UUID timestamp is a count of 100-nanoseconds intervals since 00:00:00.000 15 Oct 1582. This looks strange, but it is for the sake of rational usage of bits and to give room for the counter (which is used to prevent collisions). The timestamp is 60-bit long, which requires 8 full bytes to store - the first half of the UUID. Actually, we are only interested in this first half. The timestamp is cut into three pieces: hi - 12 bits | mid - 16 bits | low - 32 bits. First 4 bytes of an UUID is low, next two - mid, and the next two is hi. But the higher 4 bits of hi’s byte are used to store the version number. The counter is a part of low.

UUID timestamps ordering

As we know the structure of timestamps, it is easy to order them.

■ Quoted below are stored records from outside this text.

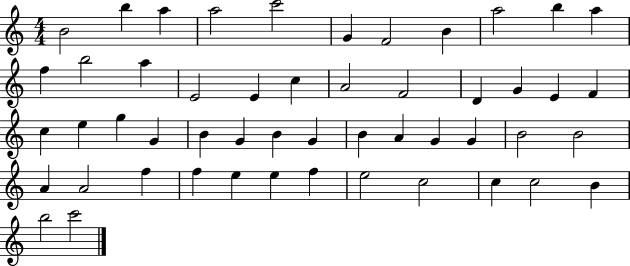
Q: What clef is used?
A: treble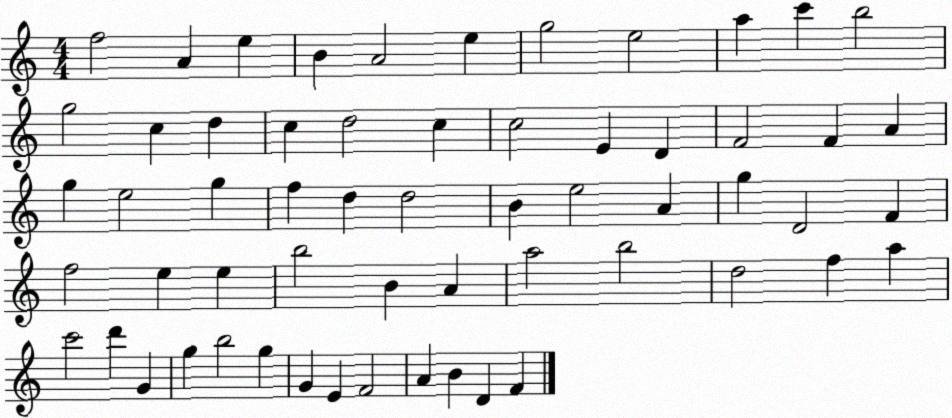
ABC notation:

X:1
T:Untitled
M:4/4
L:1/4
K:C
f2 A e B A2 e g2 e2 a c' b2 g2 c d c d2 c c2 E D F2 F A g e2 g f d d2 B e2 A g D2 F f2 e e b2 B A a2 b2 d2 f a c'2 d' G g b2 g G E F2 A B D F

The algorithm is the following:

Having two time-based UUIDs u1 and u2:
1. Compare hi(u1) and hi(u2):
1.1. If hi(u1) > hi(u2), return "u1 > u2";
1.2. If hi(u1) < hi(u2), return "u1 < u2".

2. Compare mid(u1) and mid(u2):
2.1. If mid(u1) > mid(u2), return "u1 > u2";
2.2. If mid(u1) < mid(u2), return "u1 < u2".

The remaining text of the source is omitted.